What is the need for Pig when we already have Mapreduce?
Mapreduce is a low level data set processing paradigm where as the Pig provides the high level of abstraction for processing large data sets. Though, both Mapreduce and Pig are used for processing data sets and Pig transformations are converted into a series of Mapreduce jobs, below are the major differences of Mapreduce Processing Framework and Pig framework.
Pig Latin provides all of the standard data-processing operations, such as join, filter, group by, order by, union, etc. MapReduce provides the group by operation directly, but order by, filter, projection, join are not provided and must be written by the user.
|It is too low-level and rigid, and leads to a great deal of custom user code that is hard to maintain and reuse||High level Programming|
|Development cycle is very long. Writing mappers and reducers, compiling
and packaging the code, submitting jobs, and retrieving the results is a time
|In pig, no need of compiling or packaging of code. Pig operators will be converted into map or reduce tasks internally.|
|To extract small portion of data from large datasets using Mapreduce is preferable||Pig is not suitable small portions of data in a large dataset, since it is set up to
scan the whole dataset, or at least large portions of it
|Not Easily Extendable.
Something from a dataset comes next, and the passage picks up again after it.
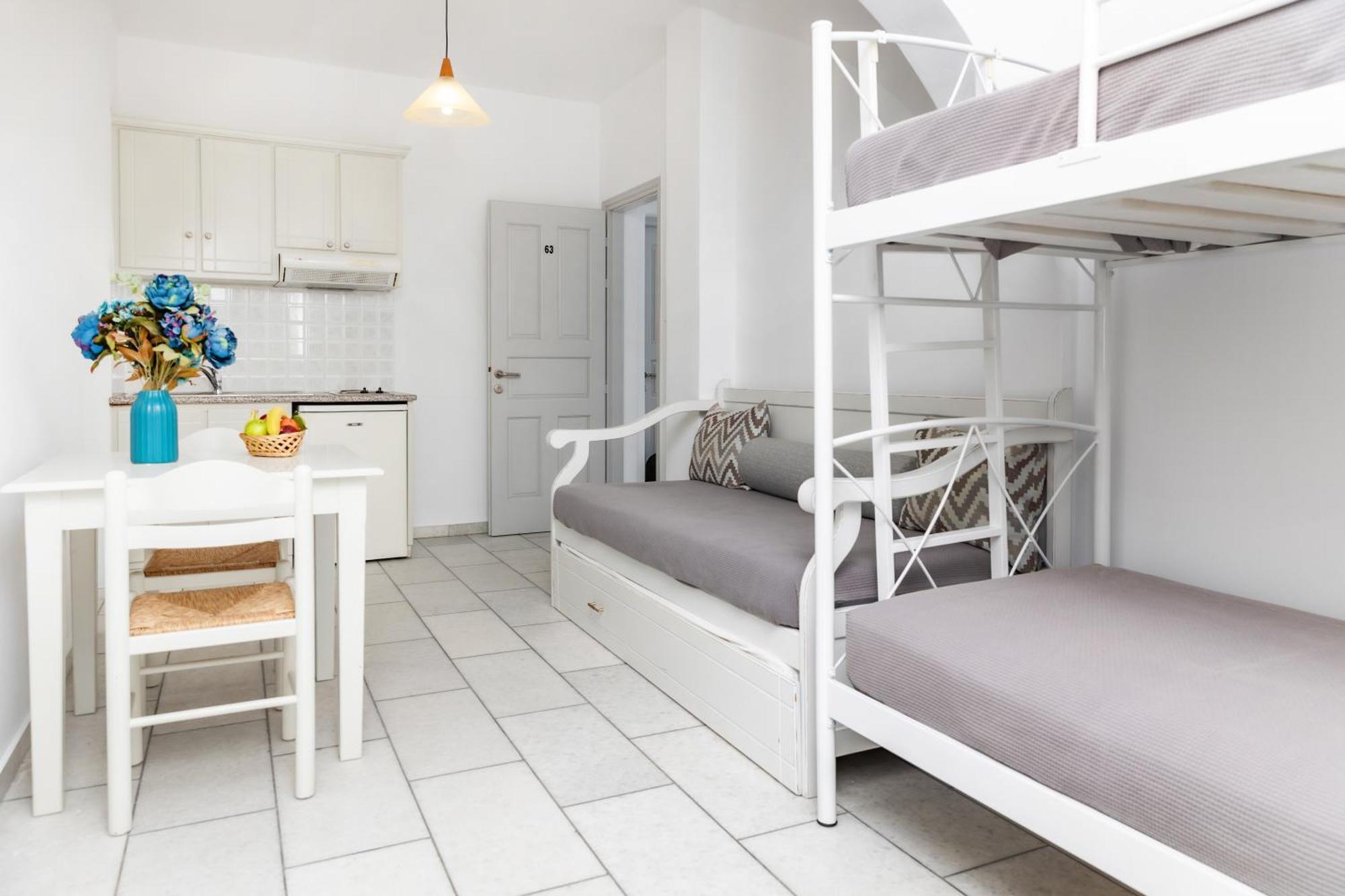Depis Studios & Apartments Naxos City Екстер'єр фото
We need to write functions starting from scratch.||UDFs tend to be
more reusable than the libraries developed for writing MapReduce programs
|We need MapReduce when we need very deep level and fine grained control on the way we want to process our data.||Sometimes, it is not very convenient to express what we need exactly in terms of Pig and Hive queries.|
|Performing Data set joins is very difficult||Joins are simple to achieve in Pig.|
Difference Between Hive and Pig:
Hive can be treated as competitor for Pig in some cases and Hive also operates on HDFS similar to Pig but there are some significant differences. HiveQL is query language based on SQL but Pig Latin is not a query language. It is data flow scripting language.
Since Pig Latin is procedural, it fits very naturally in the pipeline paradigm. HiveQL on the other hand is declarative.